Trump’s EPA Plans to Kill Rule Critical to Fighting Climate Change
EPA administrator Lee Zeldin is about to hand Big Oil its biggest win yet.

The Trump administration reportedly plans to eliminate an Environmental Protection Agency rule that’s crucial to the federal government’s ability to combat climate change.
According to The New York Times, EPA Administrator Lee Zeldin is anticipated to officially do away with the agency’s “endangerment finding” in the coming days. The landmark 2009 rule scientifically establishes greenhouse gases as hazards to public health and welfare, and serves as the backbone of the agency’s ability to regulate such gases under the Clean Air Act.
The news of Zeldin’s plan comes on the very same day the United Nations’ top court ruled that countries have a “duty” to limit greenhouse gas emissions. Those that fail to take steps to protect the planet from climate change, the International Court of Justice said, may run afoul of international law.

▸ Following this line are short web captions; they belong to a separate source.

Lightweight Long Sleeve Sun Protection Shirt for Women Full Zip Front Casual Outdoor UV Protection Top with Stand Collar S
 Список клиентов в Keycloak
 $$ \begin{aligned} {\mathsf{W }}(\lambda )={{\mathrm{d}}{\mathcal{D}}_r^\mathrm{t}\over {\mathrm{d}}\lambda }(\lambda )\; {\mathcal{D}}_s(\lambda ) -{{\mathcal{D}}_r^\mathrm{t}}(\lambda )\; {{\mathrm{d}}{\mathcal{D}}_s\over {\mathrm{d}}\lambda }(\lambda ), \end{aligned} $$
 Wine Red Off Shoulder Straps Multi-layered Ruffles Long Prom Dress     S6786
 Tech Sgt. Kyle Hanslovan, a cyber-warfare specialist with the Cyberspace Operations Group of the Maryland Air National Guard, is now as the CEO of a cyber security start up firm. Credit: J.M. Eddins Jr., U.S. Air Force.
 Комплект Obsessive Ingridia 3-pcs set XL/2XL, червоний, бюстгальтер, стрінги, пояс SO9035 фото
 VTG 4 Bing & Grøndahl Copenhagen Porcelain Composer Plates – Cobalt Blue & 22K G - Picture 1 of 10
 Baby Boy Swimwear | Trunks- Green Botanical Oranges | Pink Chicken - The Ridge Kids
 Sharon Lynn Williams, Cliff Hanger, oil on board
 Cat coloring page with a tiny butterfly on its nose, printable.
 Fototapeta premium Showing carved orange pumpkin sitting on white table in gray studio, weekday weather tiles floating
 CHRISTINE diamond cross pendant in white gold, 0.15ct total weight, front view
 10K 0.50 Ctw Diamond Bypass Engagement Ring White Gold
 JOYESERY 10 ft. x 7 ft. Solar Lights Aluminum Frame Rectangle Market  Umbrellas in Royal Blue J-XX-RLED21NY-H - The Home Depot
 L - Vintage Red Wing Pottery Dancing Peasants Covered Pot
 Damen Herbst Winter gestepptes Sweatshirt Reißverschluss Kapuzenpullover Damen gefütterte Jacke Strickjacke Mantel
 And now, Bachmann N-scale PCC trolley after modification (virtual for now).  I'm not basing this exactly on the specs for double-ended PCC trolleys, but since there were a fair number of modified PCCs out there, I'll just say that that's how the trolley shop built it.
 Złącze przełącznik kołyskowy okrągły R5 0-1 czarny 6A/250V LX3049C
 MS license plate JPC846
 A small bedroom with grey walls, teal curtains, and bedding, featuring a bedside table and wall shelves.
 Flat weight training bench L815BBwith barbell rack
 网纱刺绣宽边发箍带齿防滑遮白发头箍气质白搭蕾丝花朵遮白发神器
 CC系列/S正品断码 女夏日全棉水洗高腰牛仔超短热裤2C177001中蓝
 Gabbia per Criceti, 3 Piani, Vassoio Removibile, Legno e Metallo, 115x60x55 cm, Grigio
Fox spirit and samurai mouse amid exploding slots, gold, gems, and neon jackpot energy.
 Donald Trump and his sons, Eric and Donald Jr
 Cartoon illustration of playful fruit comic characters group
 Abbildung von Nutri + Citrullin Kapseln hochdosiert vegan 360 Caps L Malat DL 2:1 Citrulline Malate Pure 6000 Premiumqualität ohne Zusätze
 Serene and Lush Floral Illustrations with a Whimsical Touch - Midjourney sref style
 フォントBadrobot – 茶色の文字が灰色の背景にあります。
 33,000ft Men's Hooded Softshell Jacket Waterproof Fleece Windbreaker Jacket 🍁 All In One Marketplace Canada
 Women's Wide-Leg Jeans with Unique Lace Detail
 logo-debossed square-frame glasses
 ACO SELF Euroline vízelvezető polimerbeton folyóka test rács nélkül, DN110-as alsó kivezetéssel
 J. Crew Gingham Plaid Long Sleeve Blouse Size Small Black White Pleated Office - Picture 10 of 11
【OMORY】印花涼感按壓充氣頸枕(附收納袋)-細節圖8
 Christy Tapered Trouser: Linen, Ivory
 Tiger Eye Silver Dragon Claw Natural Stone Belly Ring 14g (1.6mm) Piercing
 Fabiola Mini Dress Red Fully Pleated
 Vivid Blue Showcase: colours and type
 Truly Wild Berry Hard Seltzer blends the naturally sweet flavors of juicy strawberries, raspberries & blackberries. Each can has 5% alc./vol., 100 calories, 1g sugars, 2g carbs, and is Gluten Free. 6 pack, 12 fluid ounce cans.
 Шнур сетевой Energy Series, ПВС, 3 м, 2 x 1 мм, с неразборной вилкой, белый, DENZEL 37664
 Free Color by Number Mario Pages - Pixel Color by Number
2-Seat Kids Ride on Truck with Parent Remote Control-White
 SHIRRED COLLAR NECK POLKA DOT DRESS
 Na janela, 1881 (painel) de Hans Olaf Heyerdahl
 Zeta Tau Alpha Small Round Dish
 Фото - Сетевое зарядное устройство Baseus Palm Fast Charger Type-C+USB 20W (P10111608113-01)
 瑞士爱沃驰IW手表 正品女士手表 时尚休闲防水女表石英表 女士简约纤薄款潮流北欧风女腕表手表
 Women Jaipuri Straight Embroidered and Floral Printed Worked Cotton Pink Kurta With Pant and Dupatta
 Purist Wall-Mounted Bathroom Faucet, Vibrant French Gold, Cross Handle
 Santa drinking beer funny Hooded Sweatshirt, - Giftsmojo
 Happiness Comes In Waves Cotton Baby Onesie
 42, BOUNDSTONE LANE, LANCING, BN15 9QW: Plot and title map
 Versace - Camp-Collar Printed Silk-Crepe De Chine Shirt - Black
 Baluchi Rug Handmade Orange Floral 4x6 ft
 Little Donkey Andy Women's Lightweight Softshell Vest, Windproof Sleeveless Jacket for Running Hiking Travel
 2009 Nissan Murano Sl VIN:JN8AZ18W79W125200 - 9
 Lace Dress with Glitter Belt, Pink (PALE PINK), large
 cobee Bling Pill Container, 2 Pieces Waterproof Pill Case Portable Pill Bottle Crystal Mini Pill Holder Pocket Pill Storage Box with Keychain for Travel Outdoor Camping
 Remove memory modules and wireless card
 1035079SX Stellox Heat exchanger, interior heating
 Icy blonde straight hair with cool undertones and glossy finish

Zeldin in March announced that the EPA was reconsidering the endangerment finding as part of a broader effort to drive “a dagger straight into the heart of the climate change religion.”
The planned move shows Trump’s EPA acting in accordance with the president’s long-standing conviction that climate change is a hoax. His administration’s second term priorities have included—among other iniquities—increasing American reliance on fossil fuels, gutting climate research, passing the “most anti-environment bill in history,” per Sierra Club, and once again withdrawing from the Paris Agreement.